International

Incendie à Crans-Montana : L’avocat dénonce la « vindicte » contre le couple.

Jacques et Jessica Moretti, propriétaires du bar Le Constellation à Crans-Montana, se sentent responsables de la tragédie survenue la nuit du nouvel an, qui a fait 40 morts et 116 blessés.
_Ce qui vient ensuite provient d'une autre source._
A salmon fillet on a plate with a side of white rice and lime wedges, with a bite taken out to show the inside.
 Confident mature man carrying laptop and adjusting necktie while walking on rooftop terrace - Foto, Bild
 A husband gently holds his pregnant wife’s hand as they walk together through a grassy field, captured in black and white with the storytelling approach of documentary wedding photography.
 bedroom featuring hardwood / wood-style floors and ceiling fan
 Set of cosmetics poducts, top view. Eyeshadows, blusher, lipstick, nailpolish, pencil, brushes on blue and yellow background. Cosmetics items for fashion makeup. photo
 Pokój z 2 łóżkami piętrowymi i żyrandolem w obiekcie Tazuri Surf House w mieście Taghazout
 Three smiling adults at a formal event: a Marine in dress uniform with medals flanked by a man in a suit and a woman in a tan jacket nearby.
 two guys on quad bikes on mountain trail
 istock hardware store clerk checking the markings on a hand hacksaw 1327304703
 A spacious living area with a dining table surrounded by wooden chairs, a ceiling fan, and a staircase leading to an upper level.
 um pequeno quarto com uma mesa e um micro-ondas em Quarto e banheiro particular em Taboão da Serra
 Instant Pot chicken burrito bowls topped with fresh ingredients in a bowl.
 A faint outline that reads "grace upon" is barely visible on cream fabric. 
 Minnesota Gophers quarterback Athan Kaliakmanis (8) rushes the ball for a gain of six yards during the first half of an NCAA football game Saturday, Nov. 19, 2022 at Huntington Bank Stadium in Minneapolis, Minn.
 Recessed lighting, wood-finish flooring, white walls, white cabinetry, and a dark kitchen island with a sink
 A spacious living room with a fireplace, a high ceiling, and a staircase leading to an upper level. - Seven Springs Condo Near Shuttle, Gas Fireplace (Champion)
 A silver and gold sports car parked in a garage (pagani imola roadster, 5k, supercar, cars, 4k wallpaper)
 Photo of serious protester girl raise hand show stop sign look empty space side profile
La commune de Crans-Montana a reconnu n’avoir effectué aucune inspection sécurité et incendie du bar depuis 2019.


C’est un nouveau mea culpa de Jacques et Jessica Moretti. Ces Français, propriétaires du bar de la station de ski suisse de Crans-Montana où a eu lieu une tragédie la nuit du Nouvel An, « se sentent responsables », ont indiqué leurs avocats Me Patrick Michod et Me Yaël Hayat à la chaîne de télévision genevoise Léman Bleu.

Ce drame, survenu dans le bar Le Constellation, a causé 40 morts, principalement des adolescents et jeunes adultes, ainsi que 116 blessés. Des étrangers figurent parmi les victimes, dont des Français et des Italiens.

Jacques Moretti est en détention provisoire. « Maintenant la grande question qui se pose dans cette affaire, c’est la question de la responsabilité pénale, qui n’est pas la même chose que le ressenti », a souligné Me Michod lors de cet entretien diffusé dimanche soir, précisant que l’enquête devra déterminer s’il « y a eu des manquements et à qui ils incombent ». La commune de Crans-Montana a notamment admis n’avoir effectué aucune inspection de sécurité et incendie du bar depuis 2019.

Le couple est soupçonné d’« homicide par négligence, de lésions corporelles par négligence et d’incendie par négligence ». Jacques Moretti a été placé en détention provisoire pour trois mois, mais il pourrait être libéré moyennant le versement d’une caution de 200.000 francs suisses (environ 215.000 euros). Un tribunal doit se prononcer à une date inconnue. Son épouse, Jessica Moretti, reste libre mais est sous contrainte.

Me Hayat a dénoncé la « vindicte » contre le couple et la « pression » sur le ministère public émanant d’« autorités étrangères ». « La semaine prochaine, il y a deux audiences convoquées mardi et mercredi, alors même qu’il y a quelques jours, le même ministère public nous informait qu’il n’y aurait plus d’audiences pendant un certain temps, le temps que la police puisse mener certaines enquêtes », a exprimé un autre avocat du couple, Me Nicola Meier, dans le même entretien. « Pourquoi soudainement deux audiences convoquées mardi et mercredi prochain ? On est attentif à ça parce que […] énormément de pression s’est exercée notamment autour de la mise en liberté de Jacques Moretti. »

Le drame a été causé par des étincelles de bougies « fontaine » qui ont touché une mousse acoustique au plafond du sous-sol de l’établissement, selon l’enquête. Des interrogations se posent sur les caractéristiques de cette mousse, mais aussi sur la présence et l’accès aux extincteurs, ainsi que sur la conformité des voies de sortie. « L’issue de secours ne peut pas être condamnée. […] Vous ne pouvez pas fermer cette porte de l’intérieur. Elle doit être systématiquement ouverte et elle l’était », a affirmé Me Meier. L’enquête devra donc établir si cela était le cas lors de la nuit du drame.